Giurisdizione tributaria per le controversie che abbiano ad oggetto atti relativi all’intestazione o alle variazioni catastali e che si pongano come presupposto per l’assoggettamento a tributi o per la determinazione degli stessi

Con l’ordinanza n. 12396 del 11 maggio 2021 la Sezione Tributaria della Corte di Cassazione (Pres. Di Iasi, Rel. Cavallari) torna ad esprimersi in merito alla sussistenza della giurisdizione tributaria ex art. 2, comma 2, d.lgs. n. 546/1992.

Nei fatti un contribuente impugnava davanti alla CTP Trapani il provvedimento con il quale l’Agenzia del Territorio aveva respinto il suo reclamo contro l’irregolare frazionamento delle particelle catastali di cui era titolare. La CTP di Trapani accoglieva il ricorso ritenendo che l’immobile non avesse natura demaniale; l’Agenzia del Territorio proponeva appello che la CTR di Palermo respingeva. L’Agenzia delle Entrate (ex Agenzia del Territorio) proponeva dunque ricorso per cassazione lamentando in particolare la violazione dell’articolo 2 del d.lgs. n. 546 del 1992 poiché, nella specie, non avrebbe dovuto sussistere la giurisdizione tributaria, bensì quella ordinaria.
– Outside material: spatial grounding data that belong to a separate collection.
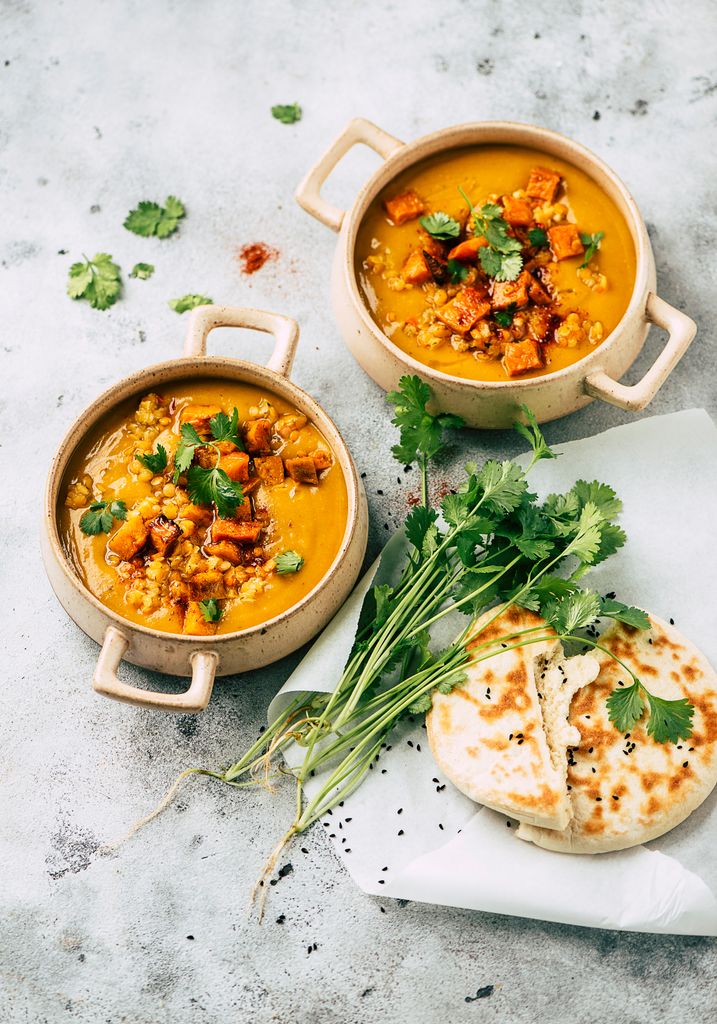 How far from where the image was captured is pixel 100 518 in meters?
3.15

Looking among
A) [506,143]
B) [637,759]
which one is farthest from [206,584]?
[506,143]

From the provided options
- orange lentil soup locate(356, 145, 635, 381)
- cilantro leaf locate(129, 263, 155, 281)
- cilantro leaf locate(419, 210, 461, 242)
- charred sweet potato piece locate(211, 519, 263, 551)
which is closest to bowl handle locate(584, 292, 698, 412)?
orange lentil soup locate(356, 145, 635, 381)

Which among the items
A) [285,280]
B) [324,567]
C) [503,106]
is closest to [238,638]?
[324,567]

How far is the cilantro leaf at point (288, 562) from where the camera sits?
124 inches

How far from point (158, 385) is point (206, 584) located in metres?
0.65

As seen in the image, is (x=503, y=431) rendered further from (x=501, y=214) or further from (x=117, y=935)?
(x=117, y=935)

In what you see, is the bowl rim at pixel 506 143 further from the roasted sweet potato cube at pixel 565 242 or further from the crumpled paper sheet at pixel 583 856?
the crumpled paper sheet at pixel 583 856

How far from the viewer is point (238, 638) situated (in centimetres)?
306

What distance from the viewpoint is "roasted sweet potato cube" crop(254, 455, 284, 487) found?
325cm

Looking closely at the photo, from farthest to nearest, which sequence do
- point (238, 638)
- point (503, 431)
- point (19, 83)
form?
point (19, 83), point (503, 431), point (238, 638)

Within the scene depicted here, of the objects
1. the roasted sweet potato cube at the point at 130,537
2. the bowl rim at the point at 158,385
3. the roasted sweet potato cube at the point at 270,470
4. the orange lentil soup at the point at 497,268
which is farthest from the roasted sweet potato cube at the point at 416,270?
the roasted sweet potato cube at the point at 130,537

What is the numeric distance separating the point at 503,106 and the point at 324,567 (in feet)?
6.30

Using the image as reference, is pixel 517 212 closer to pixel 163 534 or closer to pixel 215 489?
pixel 215 489

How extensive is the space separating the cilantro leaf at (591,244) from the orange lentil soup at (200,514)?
999mm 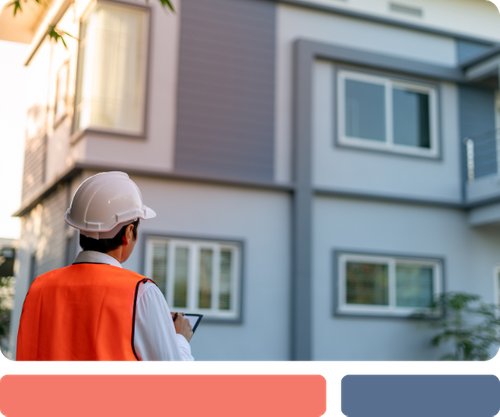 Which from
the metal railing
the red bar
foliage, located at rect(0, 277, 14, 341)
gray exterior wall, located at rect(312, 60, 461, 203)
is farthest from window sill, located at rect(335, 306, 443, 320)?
the red bar

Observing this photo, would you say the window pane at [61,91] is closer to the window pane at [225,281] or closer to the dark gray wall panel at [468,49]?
the window pane at [225,281]

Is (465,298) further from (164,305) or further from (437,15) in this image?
(164,305)

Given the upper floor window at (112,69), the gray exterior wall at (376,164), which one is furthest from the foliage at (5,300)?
the gray exterior wall at (376,164)

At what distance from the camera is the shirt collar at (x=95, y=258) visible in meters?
1.41

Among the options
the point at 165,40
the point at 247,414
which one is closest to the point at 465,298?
the point at 165,40

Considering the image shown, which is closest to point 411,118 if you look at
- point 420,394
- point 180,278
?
point 180,278

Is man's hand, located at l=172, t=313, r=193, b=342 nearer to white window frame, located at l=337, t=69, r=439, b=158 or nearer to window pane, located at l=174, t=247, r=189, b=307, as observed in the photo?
window pane, located at l=174, t=247, r=189, b=307

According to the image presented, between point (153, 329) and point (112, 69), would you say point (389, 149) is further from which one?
point (153, 329)

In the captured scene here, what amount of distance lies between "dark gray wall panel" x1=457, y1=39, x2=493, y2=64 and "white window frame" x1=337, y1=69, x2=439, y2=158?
530 mm

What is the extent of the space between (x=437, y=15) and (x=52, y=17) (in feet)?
15.2

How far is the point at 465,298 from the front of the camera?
681 centimetres

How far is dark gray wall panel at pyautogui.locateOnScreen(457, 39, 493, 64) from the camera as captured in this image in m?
7.82

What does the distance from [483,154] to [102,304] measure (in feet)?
23.8

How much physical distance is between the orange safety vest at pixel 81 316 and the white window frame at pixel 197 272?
15.5ft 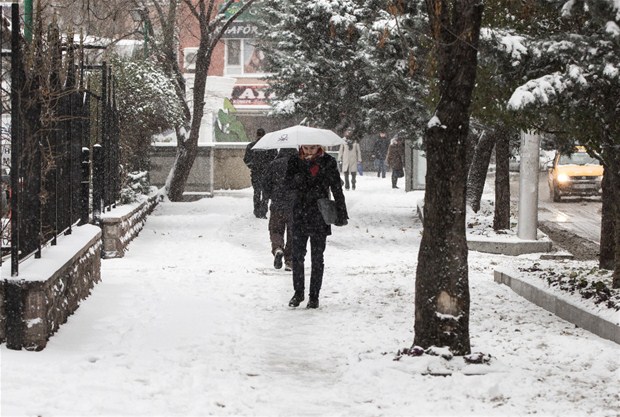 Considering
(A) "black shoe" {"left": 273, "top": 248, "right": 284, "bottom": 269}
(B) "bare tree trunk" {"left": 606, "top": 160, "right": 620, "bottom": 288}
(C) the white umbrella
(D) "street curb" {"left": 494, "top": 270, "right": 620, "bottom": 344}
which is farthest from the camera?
(A) "black shoe" {"left": 273, "top": 248, "right": 284, "bottom": 269}

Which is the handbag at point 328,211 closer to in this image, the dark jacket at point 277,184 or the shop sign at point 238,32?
the dark jacket at point 277,184

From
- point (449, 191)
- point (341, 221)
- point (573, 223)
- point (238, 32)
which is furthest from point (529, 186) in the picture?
point (238, 32)

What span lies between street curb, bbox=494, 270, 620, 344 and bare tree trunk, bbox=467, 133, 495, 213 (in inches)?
320

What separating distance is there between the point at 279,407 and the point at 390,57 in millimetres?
12795

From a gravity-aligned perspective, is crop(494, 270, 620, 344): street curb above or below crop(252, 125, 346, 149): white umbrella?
below

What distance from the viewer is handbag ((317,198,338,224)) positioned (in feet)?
34.1

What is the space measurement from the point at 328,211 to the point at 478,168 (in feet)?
36.6

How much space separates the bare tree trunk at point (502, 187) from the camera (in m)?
18.9

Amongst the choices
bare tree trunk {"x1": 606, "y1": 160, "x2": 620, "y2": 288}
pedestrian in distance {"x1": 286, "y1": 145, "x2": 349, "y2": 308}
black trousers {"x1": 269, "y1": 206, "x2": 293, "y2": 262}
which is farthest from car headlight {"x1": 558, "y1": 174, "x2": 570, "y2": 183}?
pedestrian in distance {"x1": 286, "y1": 145, "x2": 349, "y2": 308}

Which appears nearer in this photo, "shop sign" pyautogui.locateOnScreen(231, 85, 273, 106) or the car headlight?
the car headlight

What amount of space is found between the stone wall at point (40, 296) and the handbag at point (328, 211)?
2378mm

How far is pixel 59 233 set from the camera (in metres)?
10.1

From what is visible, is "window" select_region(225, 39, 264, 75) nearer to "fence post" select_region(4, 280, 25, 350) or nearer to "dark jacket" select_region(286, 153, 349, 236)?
"dark jacket" select_region(286, 153, 349, 236)

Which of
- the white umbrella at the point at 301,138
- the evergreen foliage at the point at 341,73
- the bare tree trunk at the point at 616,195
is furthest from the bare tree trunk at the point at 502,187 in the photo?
the bare tree trunk at the point at 616,195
La Corte ha ricordato come riguardo all’oggetto della giurisdizione delle commissioni tributarie l’articolo 2, comma 2, d.lgs. n. 546 del 1992 stabilisce che “appartengono altresì alla giurisdizione tributaria le controversie promosse dai singoli possessori concernenti l’intestazione, la delimitazione, la figura, l’estensione, il classamento dei terreni e la ripartizione dell’estimo fra i compossessori a titolo di promiscuità di una stessa particella, nonché le controversie concernenti la consistenza, il classamento delle singole unità immobiliari urbane e l’attribuzione della rendita catastale”.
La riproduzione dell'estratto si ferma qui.